E’ tutto scritto negli otto verbali trasmessi dalla Procura di Firenze a quella di Palermo e ora finiti agli atti del processo Dell’Utri, insieme a circa mille pagine di altri interrogatori, informative e relazioni sulle attività di riscontro alle dichiarazioni del pentito che ha fatto riaprire le inchieste sulle stragi di mafia. Gli undici mesi di silenzio sul presidente del Consiglio Spatuzza li spiega con la volontà di apparire credibile prima su altre vicende altrettanto spinose, come la bomba di via D’Amelio di cui aveva già parlato coi magistrati di Caltanissetta, e col ritorno di Berlusconi a Palazzo Chigi: «Si trattava proprio di uno dei nomi che avrei dovuto implicare; ne ebbi timore, anche perché il ministro della Giustizia Alfano, che vedevo come un bambino, non mi sembrava altro che la faccia di Berlusconi e Dell’Utri... E’ la loro reincarnazione». Per i magistrati della Procura di Firenze - il capo dell’ufficio Quattrocchi, e i sostituti Nicolosi e Crini - Gaspare Spatuzza è affidabile. Molto affidabile. Per questo hanno inviato gran parte del loro fascicolo a Palermo, dove Spatuzza dovrà deporre tra una settimana nel processo d’appello sul senatore Dell’Utri, già condannato in primo grado a 9 anni di carcere. Compresi gli interrogatori, ovviamente «negativi», dei fratelli Graviano e dell’altro mafioso della loro cosca Cosimo Lo Nigro. Nonché i confronti con lo stesso Spatuzza, nei quali i tre ergastolani si proclamano innocenti ma ripetono di rispettare le scelte del collaboratore che li accusa.

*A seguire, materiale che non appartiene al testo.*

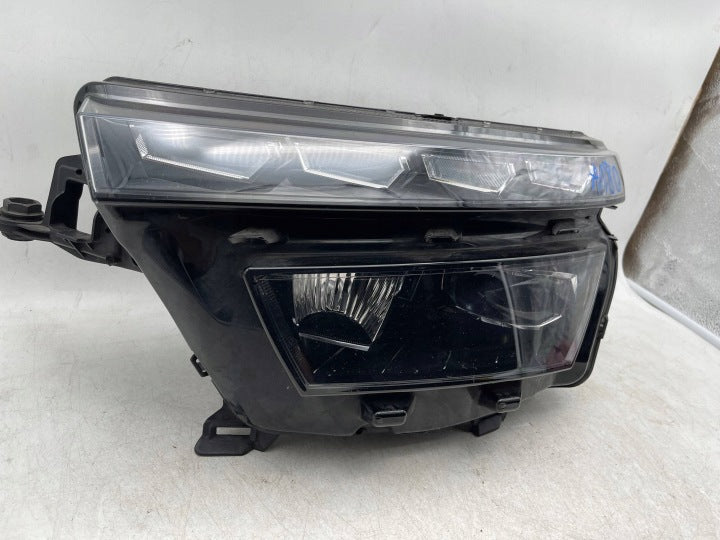 Frontscheinwerfer Skoda Kamiq 658941015B Xenon Links Scheinwerfer Headlight SCH1447931248gz
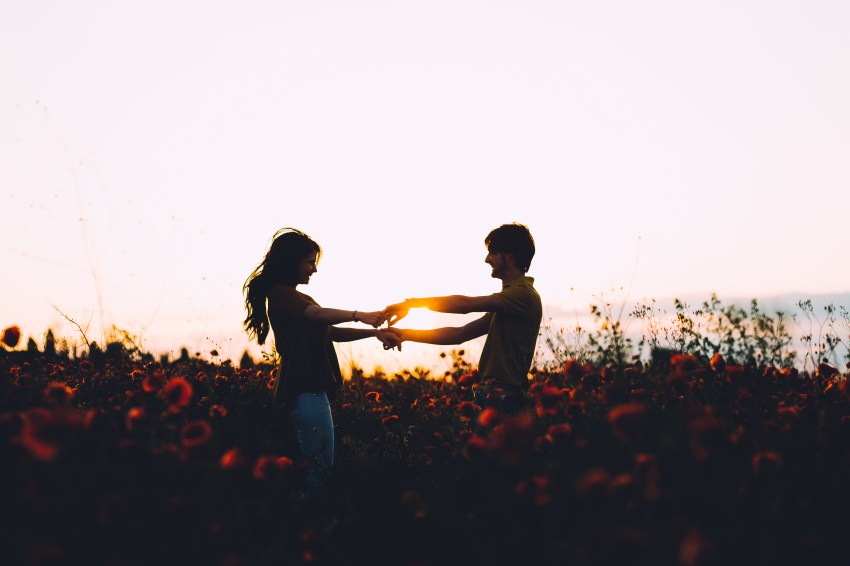 The Truth About Why Most Men Can’t Handle Strong Women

«Finite le indagini e poi venite a chiedermi... Quando esce tutto ne riparleremo, se sarò ancora in vita... Io sono trattato peggio dei detenuti di Guantanamo», ha risposto agli inquirenti il quarantaseienne Giuseppe Graviano, il boss che secondo Spatuzza «ha in mano il jolly » del politico col quale trattava. Suo fratello Filippo, che di anni ne ha 48, parla un po’ di più, dice che un tempo pensava ai soldi e ora soltanto agli studi e al futuro di suo figlio. Rivendica l’estraneità alle stragi e ad altri delitti, ma quando il pubblico ministero gli chiede di parlare in generale di Cosa Nostra risponde: «No, io di certi argomenti non parlo... Fra dieci, venti o trent’anni, quando magari non ci sarò più, magari si potrà fare chiarezza su queste frasi».
I Graviano
I richiami alla tomba dei due Graviano farebbero pensare che collaborare con la giustizia è il loro ultimo pensiero, ma non si può mai dire. E da come gli inquirenti fiorentini dialogano soprattutto con Filippo, par di capire che ancora contano di ottenere qualcosa di più, almeno da lui. Per adesso devono accontentarsi di Spatuzza e dei riscontri accumulati in un anno d’indagine. Il pentito racconta che Filippo Graviano «era molto tifoso di Berlusconi e Dell’ Utri, però non è mai andato oltre a dirmi... Però potremmo riempire pagine e pagine di verbale, della simpatia, e possiamo dire dell’amore che lega lui con questi soggetti... sulla figura professionale, al di là del manager, su quello che hanno fatto. Cioè, osannava queste persone... ». Giuseppe invece, quando fu reso permanente il «carcere duro» per i mafiosi stabilito dall’articolo 41 bis dell’ordinamento penitenziario, esplose contro il fratello e contro Berlusconi gridando: «E’ un cornuto!»; così ricorda Spatuzza, secondo cui Filippo difendeva comunque il premier perché aveva detto che quella misura «è una legge immorale ma va approvata ».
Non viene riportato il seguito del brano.